■ **Required work**:
Once the line holding "erectile dysfunction in japan" is found in the entries below, transcribe exactly every line up to and including the one holding "The Greedy Approach", but leave out the pictures.

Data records
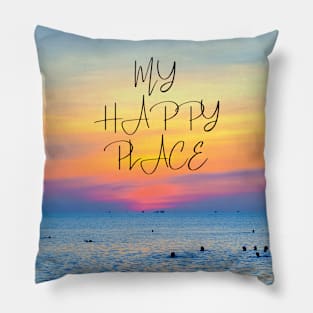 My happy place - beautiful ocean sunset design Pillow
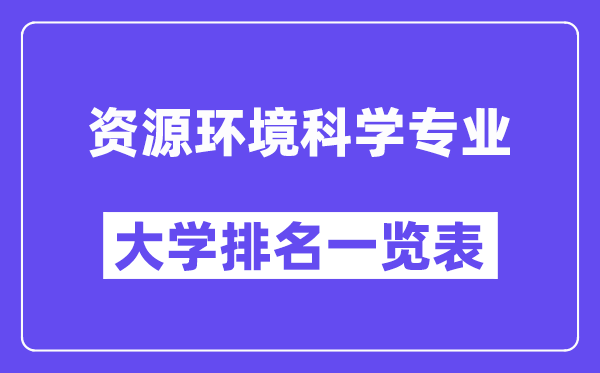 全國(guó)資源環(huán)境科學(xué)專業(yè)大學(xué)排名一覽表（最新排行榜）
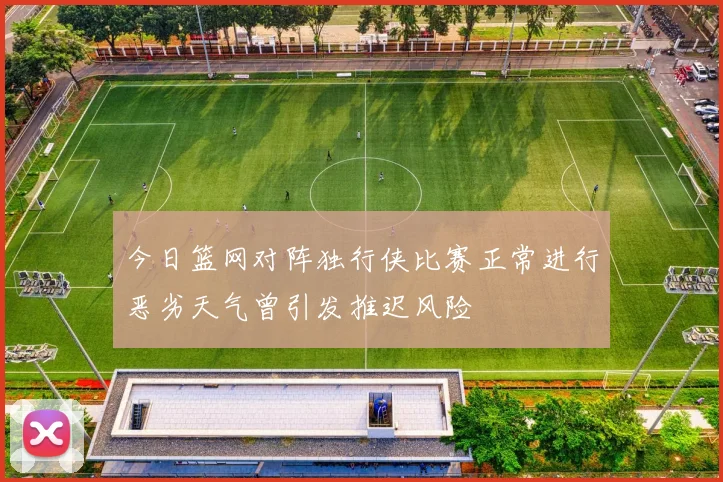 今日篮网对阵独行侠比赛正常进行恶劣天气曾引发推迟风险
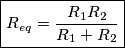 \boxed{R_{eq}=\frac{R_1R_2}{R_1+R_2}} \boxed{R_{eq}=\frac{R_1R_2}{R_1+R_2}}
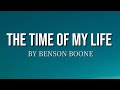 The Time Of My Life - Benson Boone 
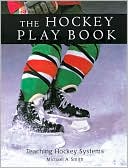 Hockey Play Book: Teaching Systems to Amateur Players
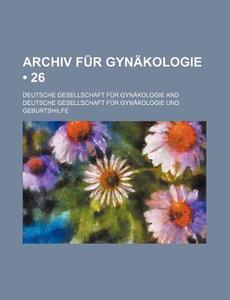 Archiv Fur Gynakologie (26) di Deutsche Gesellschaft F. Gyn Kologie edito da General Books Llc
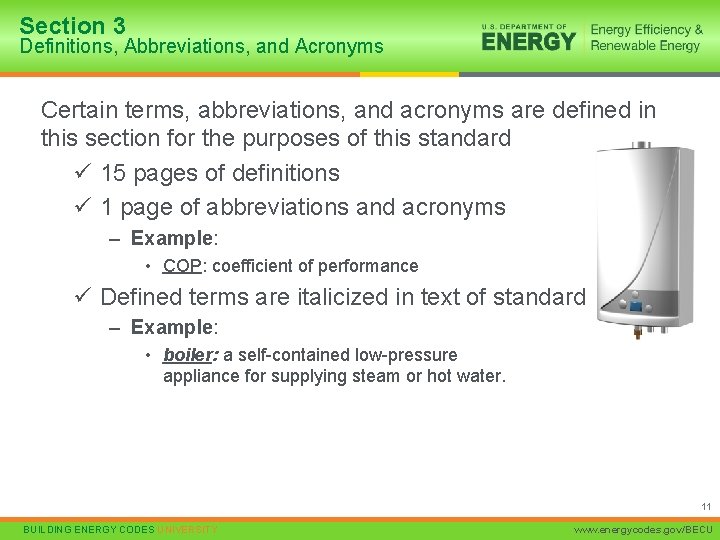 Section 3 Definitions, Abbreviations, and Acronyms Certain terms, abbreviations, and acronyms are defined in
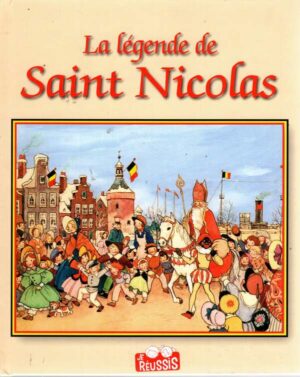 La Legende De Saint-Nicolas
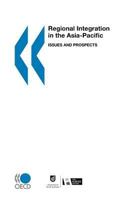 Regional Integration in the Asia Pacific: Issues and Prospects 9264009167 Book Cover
==
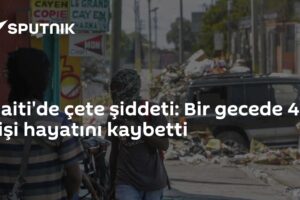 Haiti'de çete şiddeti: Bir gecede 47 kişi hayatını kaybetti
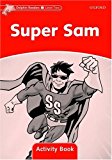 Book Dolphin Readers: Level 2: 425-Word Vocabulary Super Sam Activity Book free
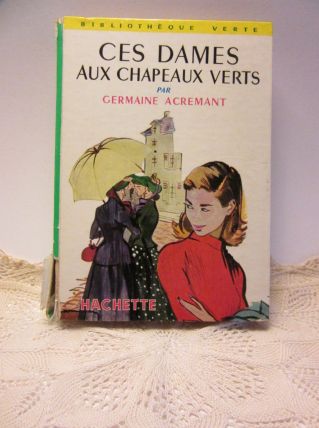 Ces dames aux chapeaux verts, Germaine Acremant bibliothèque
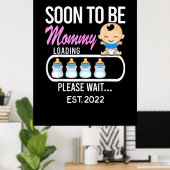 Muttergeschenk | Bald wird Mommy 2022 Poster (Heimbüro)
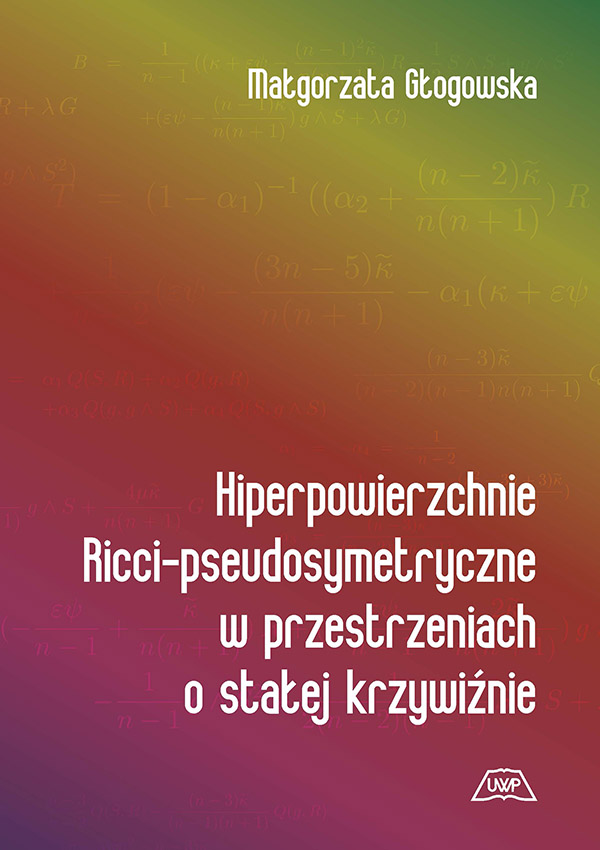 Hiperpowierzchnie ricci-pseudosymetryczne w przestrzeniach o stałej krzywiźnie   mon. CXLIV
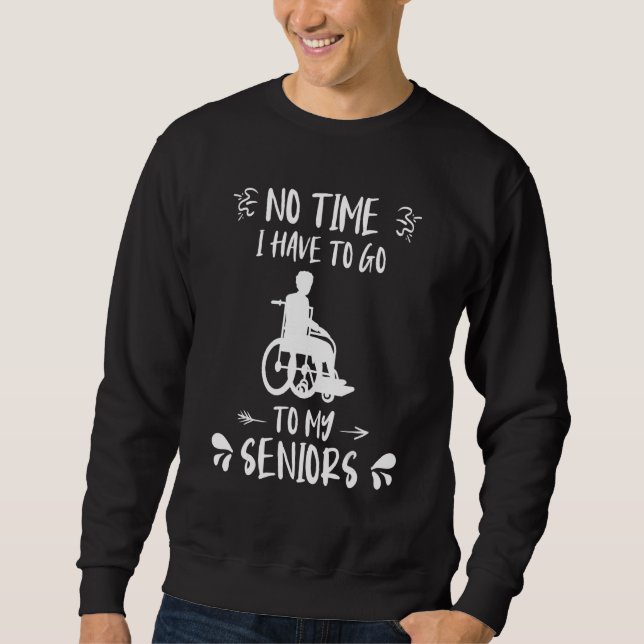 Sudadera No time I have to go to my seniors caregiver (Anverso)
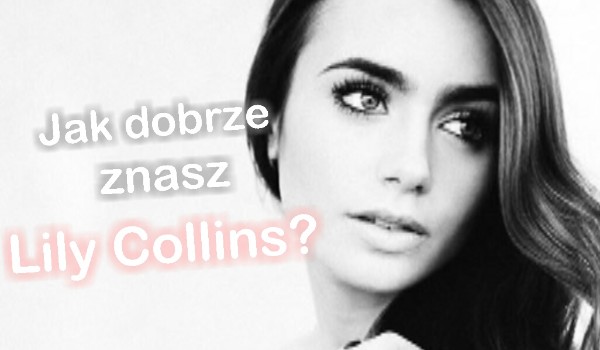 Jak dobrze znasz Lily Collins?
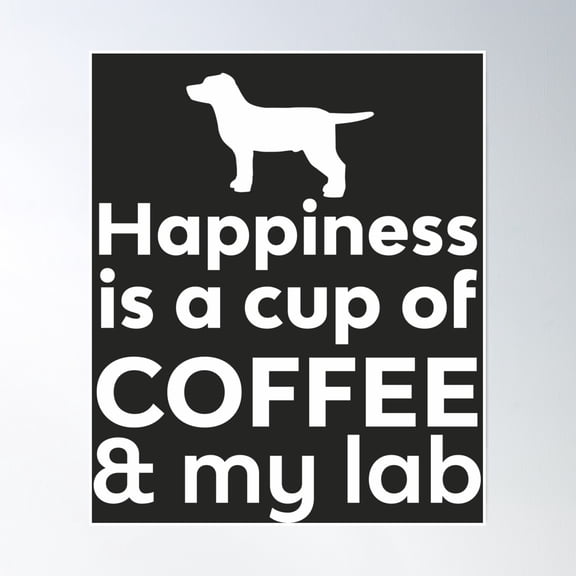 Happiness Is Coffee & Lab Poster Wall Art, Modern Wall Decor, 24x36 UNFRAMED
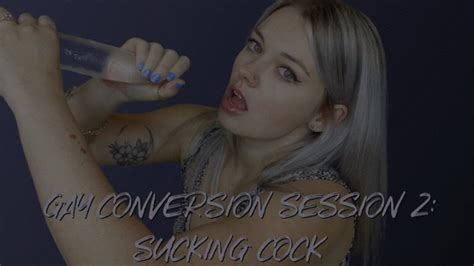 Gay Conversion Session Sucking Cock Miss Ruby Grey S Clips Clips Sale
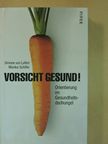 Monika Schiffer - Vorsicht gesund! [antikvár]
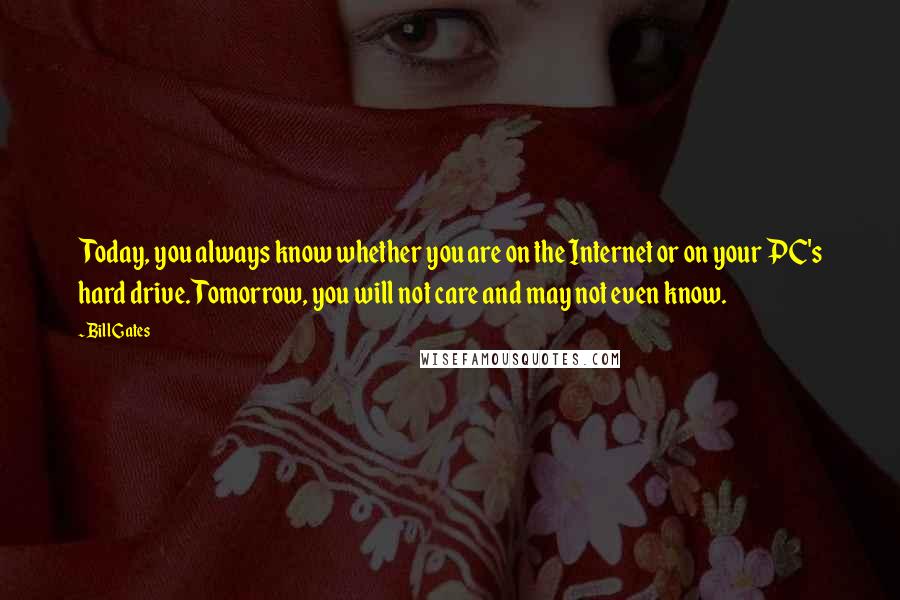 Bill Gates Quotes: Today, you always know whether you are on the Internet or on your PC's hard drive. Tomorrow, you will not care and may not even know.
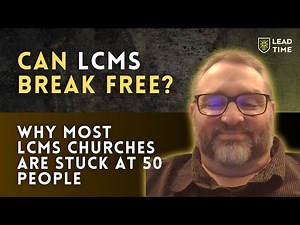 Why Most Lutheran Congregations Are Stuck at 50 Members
==
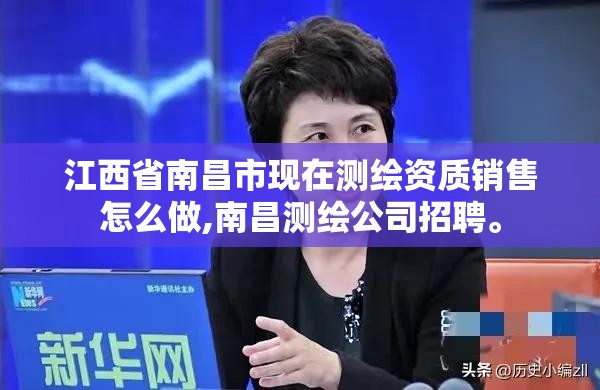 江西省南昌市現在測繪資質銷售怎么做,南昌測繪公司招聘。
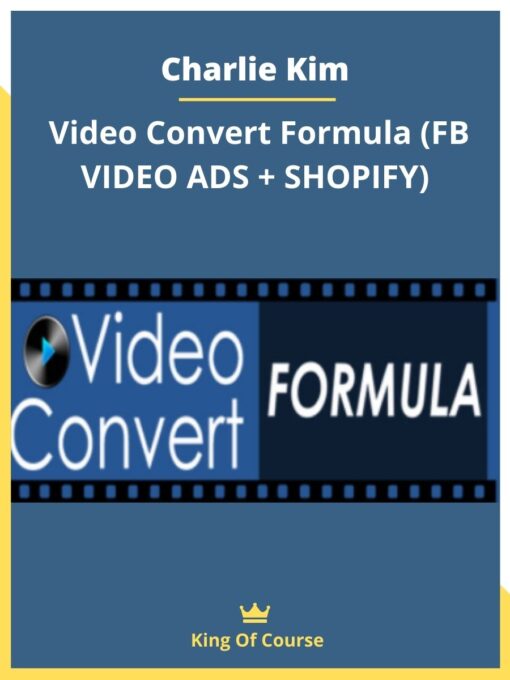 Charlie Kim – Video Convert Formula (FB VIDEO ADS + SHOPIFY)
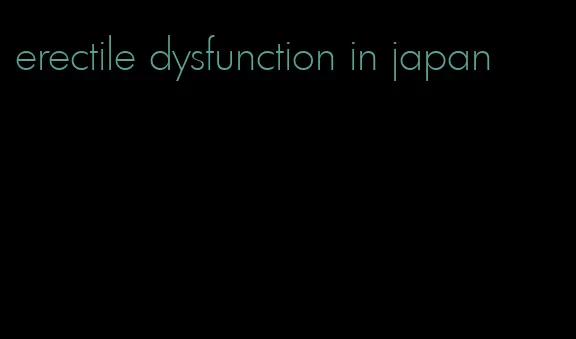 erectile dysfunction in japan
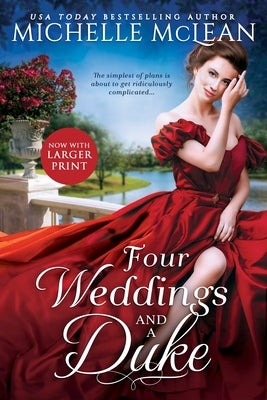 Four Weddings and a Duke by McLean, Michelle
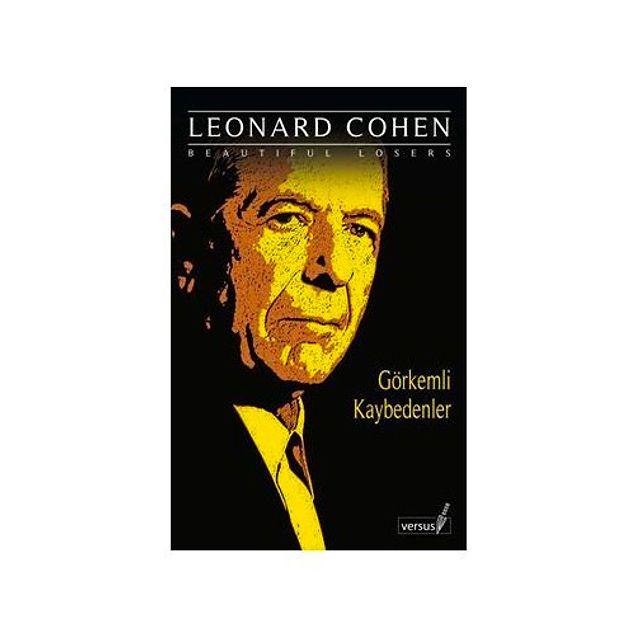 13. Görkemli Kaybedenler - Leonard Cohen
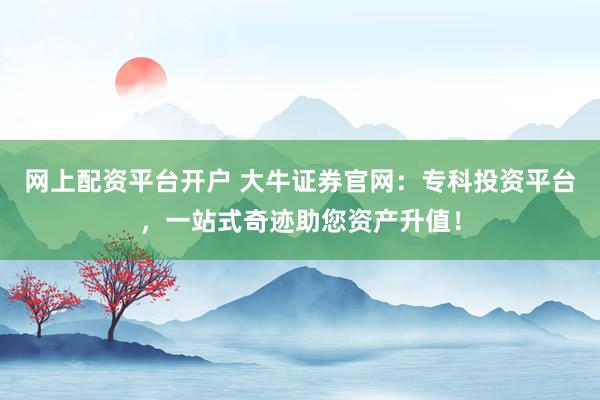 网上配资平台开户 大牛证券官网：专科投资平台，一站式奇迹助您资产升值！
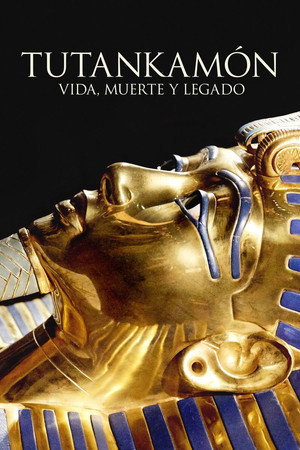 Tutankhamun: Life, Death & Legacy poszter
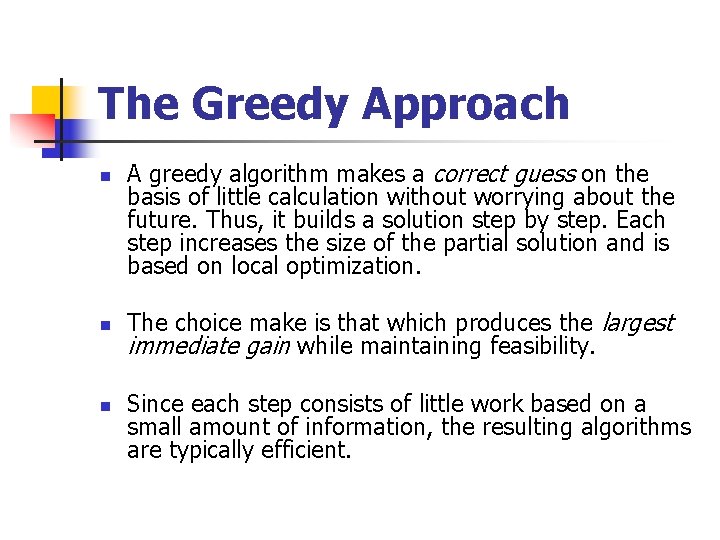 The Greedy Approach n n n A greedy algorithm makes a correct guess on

■ **Your response**:
 erectile dysfunction in japan
 Four Weddings and a Duke by McLean, Michelle
 13. Görkemli Kaybedenler - Leonard Cohen
 网上配资平台开户 大牛证券官网：专科投资平台，一站式奇迹助您资产升值！
 Tutankhamun: Life, Death & Legacy poszter
 The Greedy Approach n n n A greedy algorithm makes a correct guess on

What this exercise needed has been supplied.